WHAT TO PRODUCE: Pictures aside, the data must be reproduced exactly.

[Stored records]
======

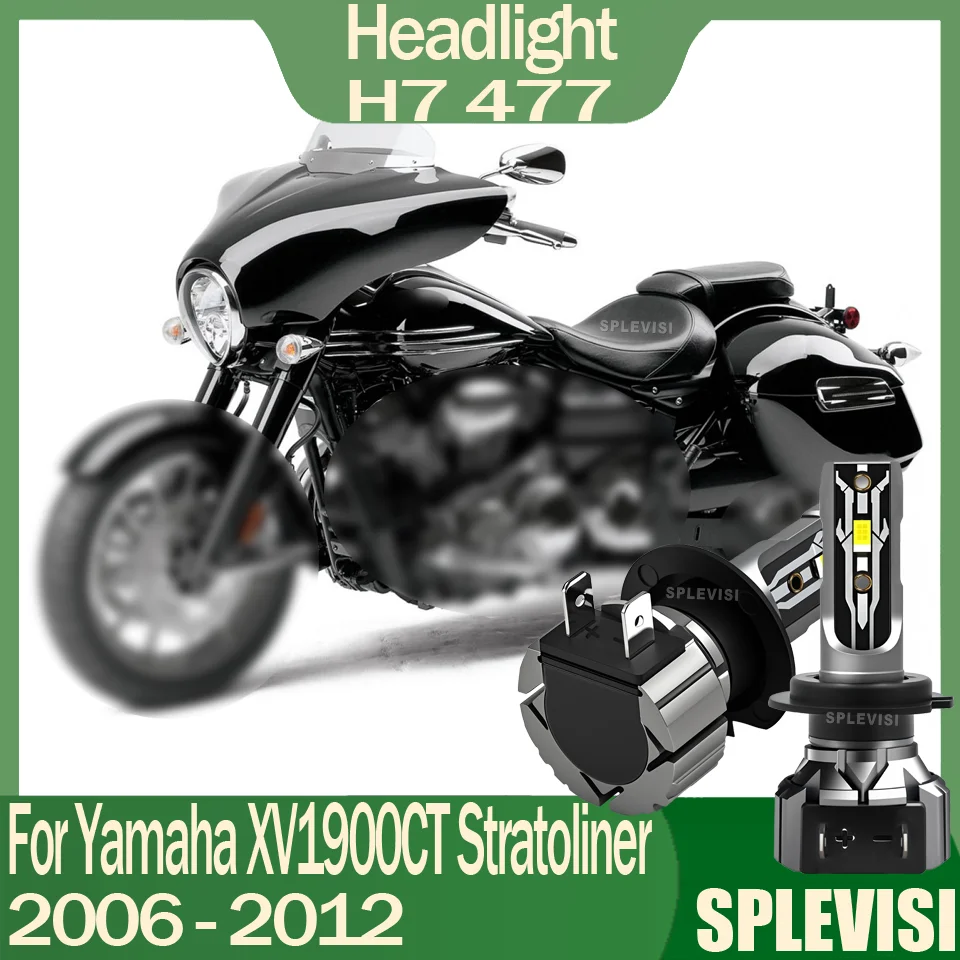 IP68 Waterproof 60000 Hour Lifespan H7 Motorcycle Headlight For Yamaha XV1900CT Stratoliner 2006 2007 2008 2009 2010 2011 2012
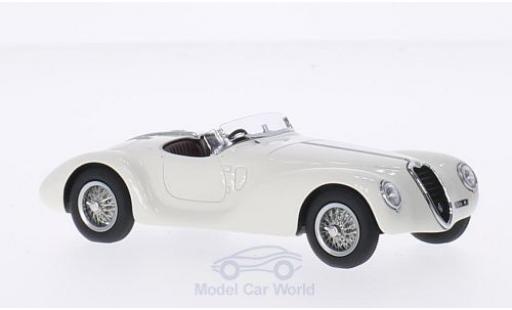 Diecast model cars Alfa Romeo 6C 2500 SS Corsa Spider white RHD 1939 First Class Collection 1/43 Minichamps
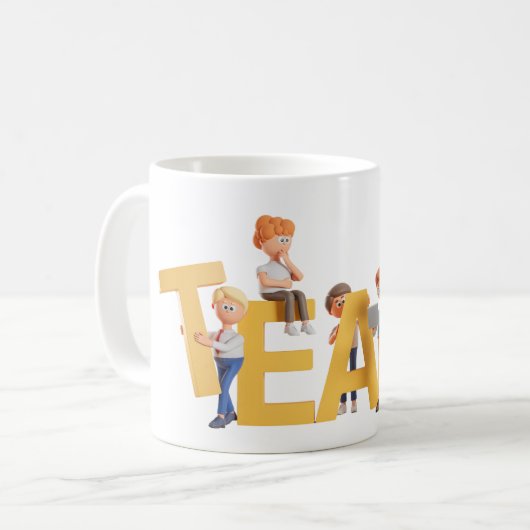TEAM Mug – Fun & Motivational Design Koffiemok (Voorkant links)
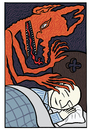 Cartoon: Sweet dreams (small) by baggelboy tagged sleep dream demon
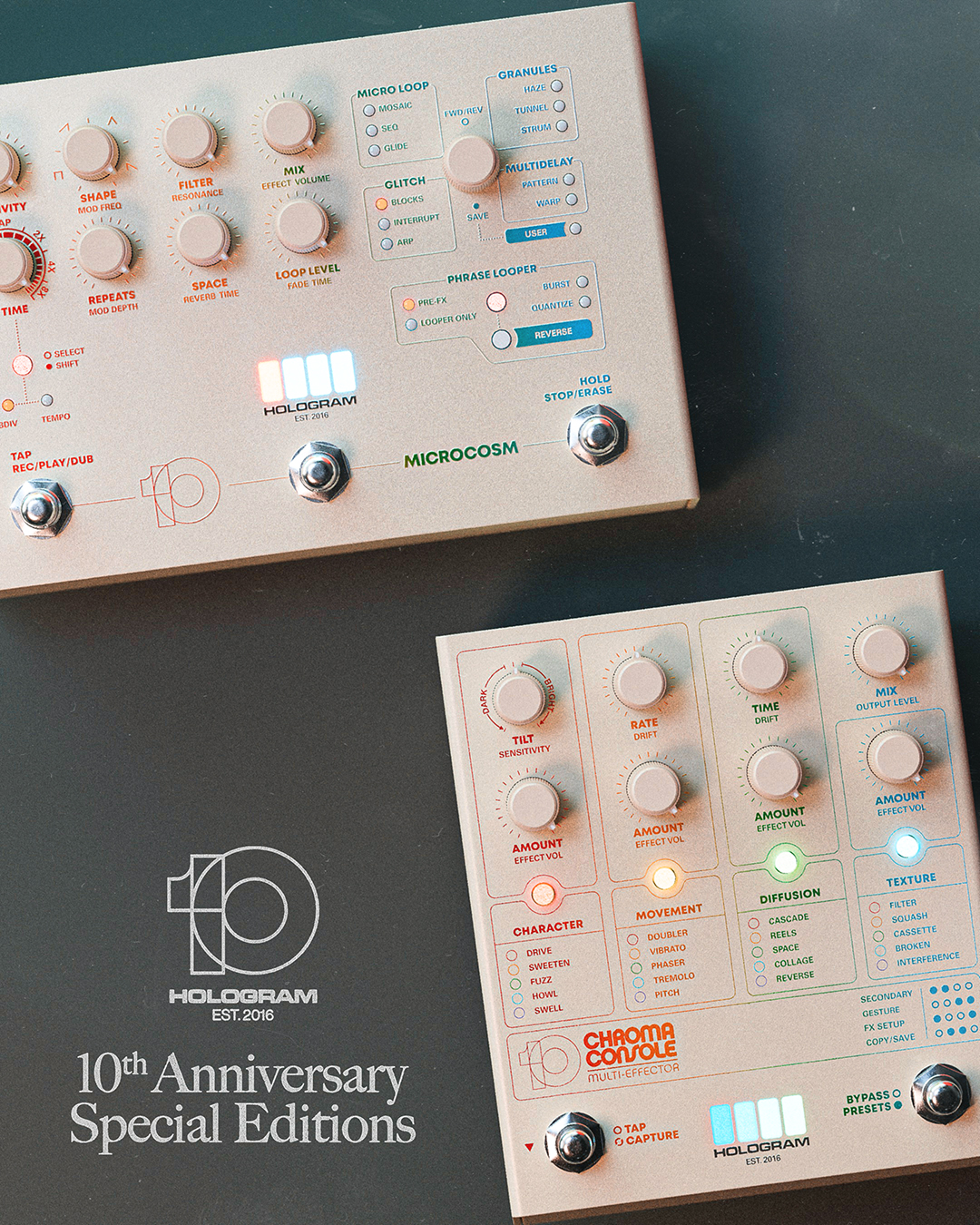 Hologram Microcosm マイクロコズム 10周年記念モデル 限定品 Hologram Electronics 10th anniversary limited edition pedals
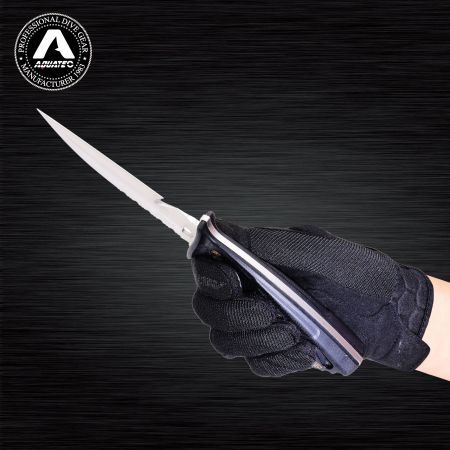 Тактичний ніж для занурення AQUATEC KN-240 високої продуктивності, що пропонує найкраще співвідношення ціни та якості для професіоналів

======

SOLUTION TO THIS TASK:
 IP68 Waterproof 60000 Hour Lifespan H7 Motorcycle Headlight For Yamaha XV1900CT Stratoliner 2006 2007 2008 2009 2010 2011 2012
 Diecast model cars Alfa Romeo 6C 2500 SS Corsa Spider white RHD 1939 First Class Collection 1/43 Minichamps
TEAM Mug – Fun & Motivational Design Koffiemok (Voorkant links)
 Cartoon: Sweet dreams (small) by baggelboy tagged sleep dream demon
 Hologram Microcosm マイクロコズム 10周年記念モデル 限定品 Hologram Electronics 10th anniversary limited edition pedals
 Тактичний ніж для занурення AQUATEC KN-240 високої продуктивності, що пропонує найкраще співвідношення ціни та якості для професіоналів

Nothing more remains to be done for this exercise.